BEGIN Source data

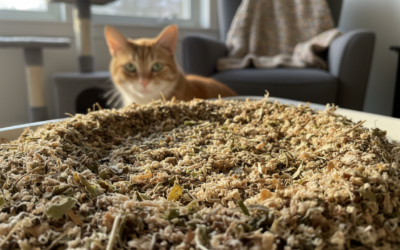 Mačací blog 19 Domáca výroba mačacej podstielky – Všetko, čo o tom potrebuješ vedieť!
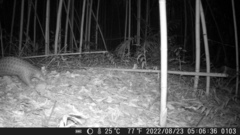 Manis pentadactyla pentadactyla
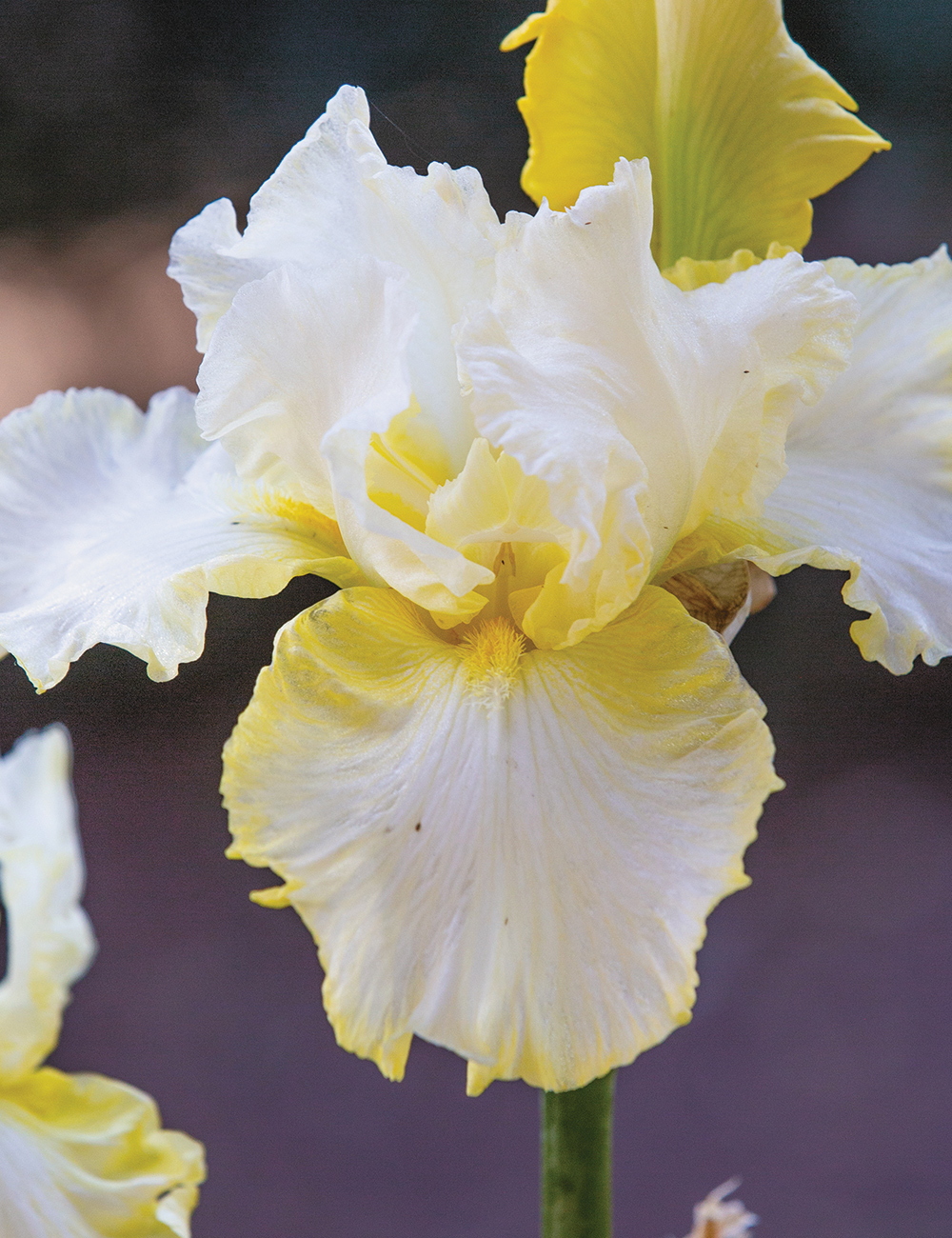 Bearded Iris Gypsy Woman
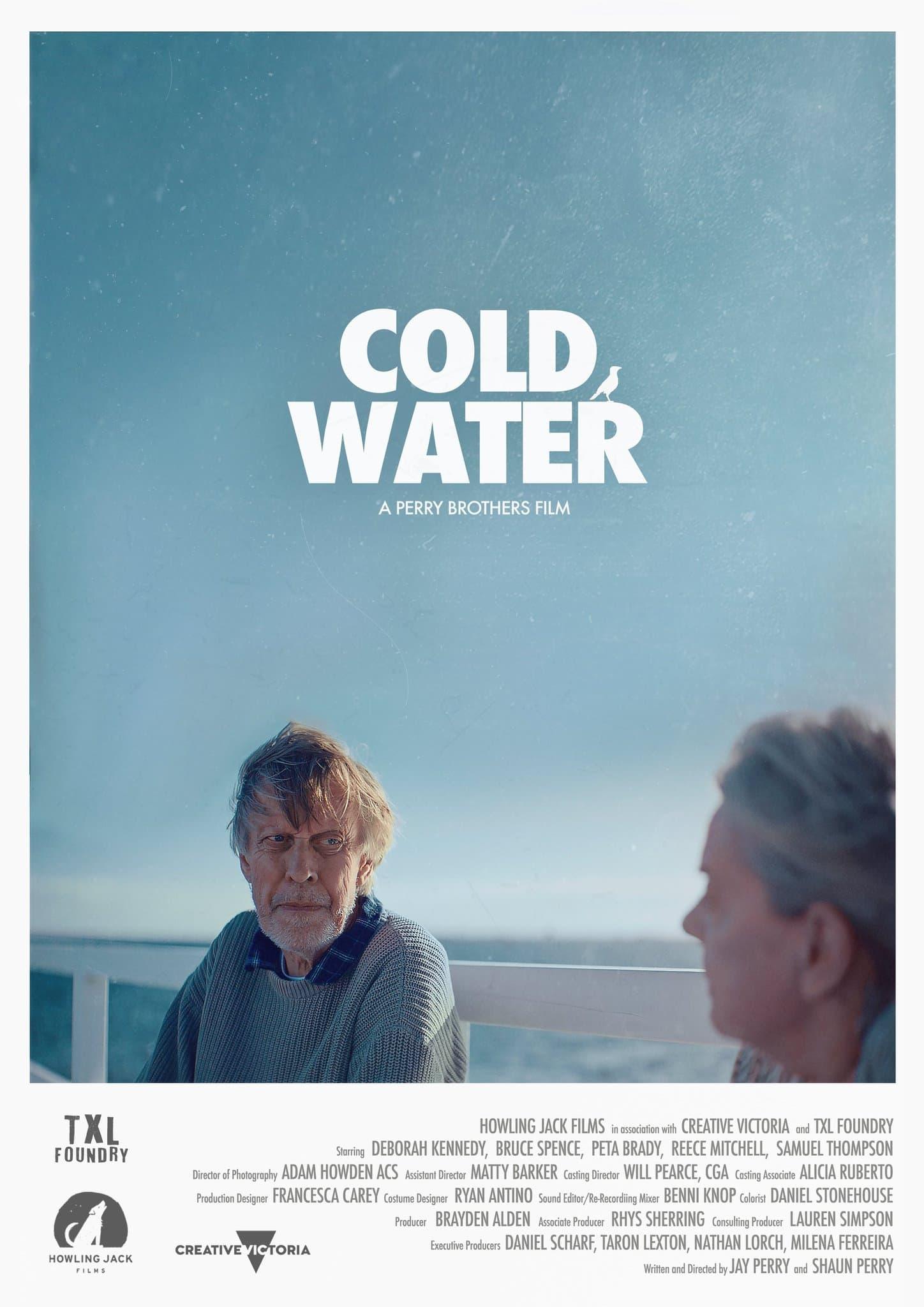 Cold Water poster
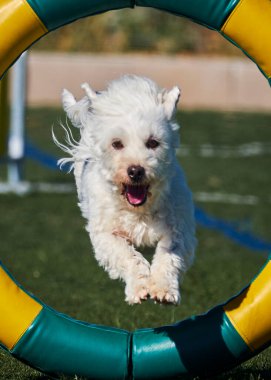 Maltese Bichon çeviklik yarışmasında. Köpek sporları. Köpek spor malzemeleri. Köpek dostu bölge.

END Source data

Task instructions: Give every line above again exactly, with no pictures.

Written response:
 Mačací blog 19 Domáca výroba mačacej podstielky – Všetko, čo o tom potrebuješ vedieť!
 Manis pentadactyla pentadactyla
 Bearded Iris Gypsy Woman
 Cold Water poster
 Maltese Bichon çeviklik yarışmasında. Köpek sporları. Köpek spor malzemeleri. Köpek dostu bölge.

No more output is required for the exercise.